Cyberfeminism Catalog Reading

Using an overhead camera and live projection, I would like to propose a demonstrative reading of the Cyberfeminism Catalog, a book that archives international, intersectional cyberfeminist activity from 1990–present. It includes a variety of content, including theoretical texts, hackerspaces, collectives, net art, digital rights groups, DIY teledildonics manuals, biohacktivism, data domination, and open source estrogen pioneers. Projects range from Bindi Girl (1990s net artwork about Indian American fetishization), Lower Body Poetry (1990s Taiwanese internet poetry group), Gynepunk (present-day Mexican biohacktivists that are self-proclaimed “cyborg witches of DIY gynecology”), and Assembly4 (present-day sex worker instance on Mastodon).

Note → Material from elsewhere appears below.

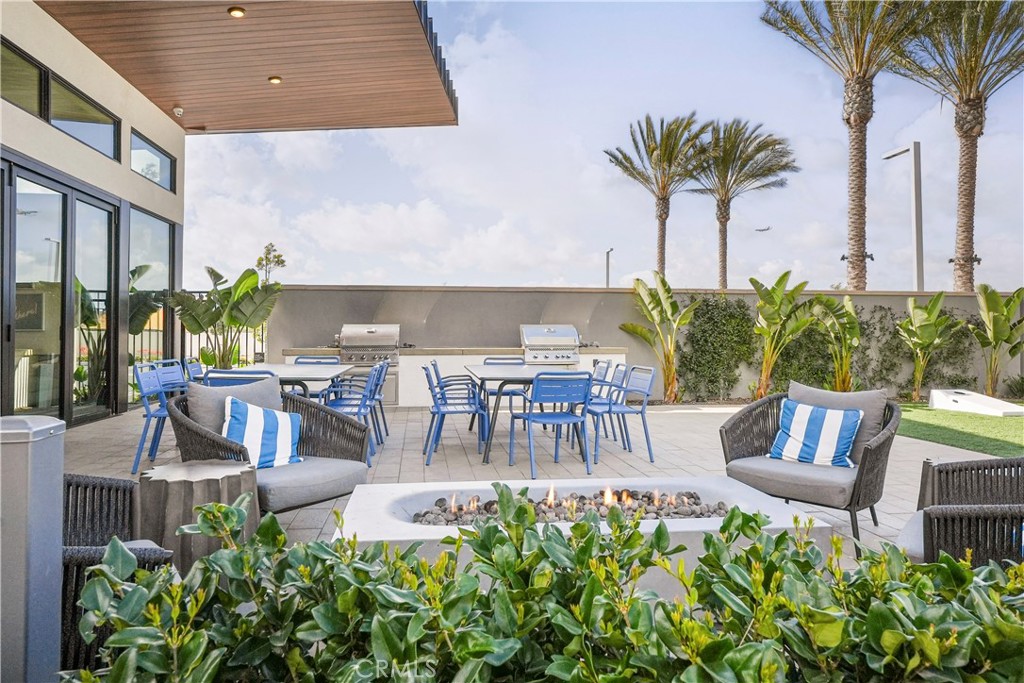 16235 Dawn Way, Unit 203 Tustin, CA 92782 - Photo 68 of 74 a view of an chairs and tables in the patio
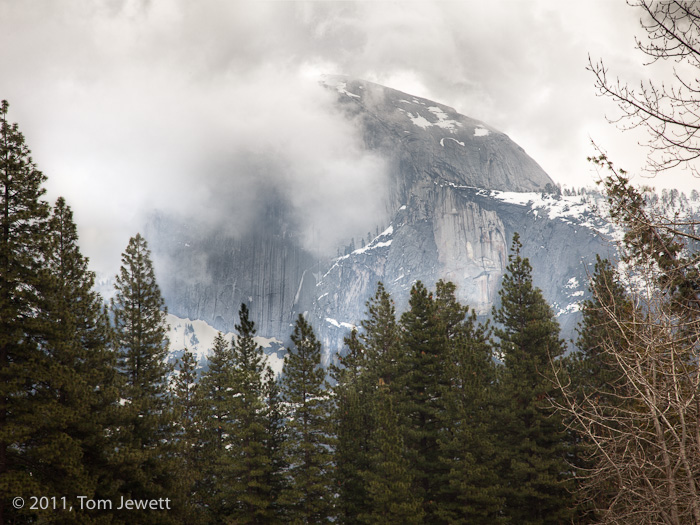 Unlike most views of this iconic Yosemite landmark, a winter afternoon shows it half-hidden by low clouds. Photo by Tom Jewett...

The catalog currently includes hundreds of entries listed in chronological order. Each entry includes at least one cross reference, mirroring early hypertext structures. This allows readers to jump around the book. For example, VNS Matrix’s “A Cyberfeminist Manifesto from the 21st Century” (1991) connects to Jenna Sutela’s “Orgs: From Slime Mold to Silicon Valley” (2017) then “Courageous Cunts” (2012). The overhead camera will project a live feed of the book on top of a table as I flip through, reading entries, demonstrating the cross-referencing structure, and introducing the breadth of what cyberfeminism has come to include in the past three decades.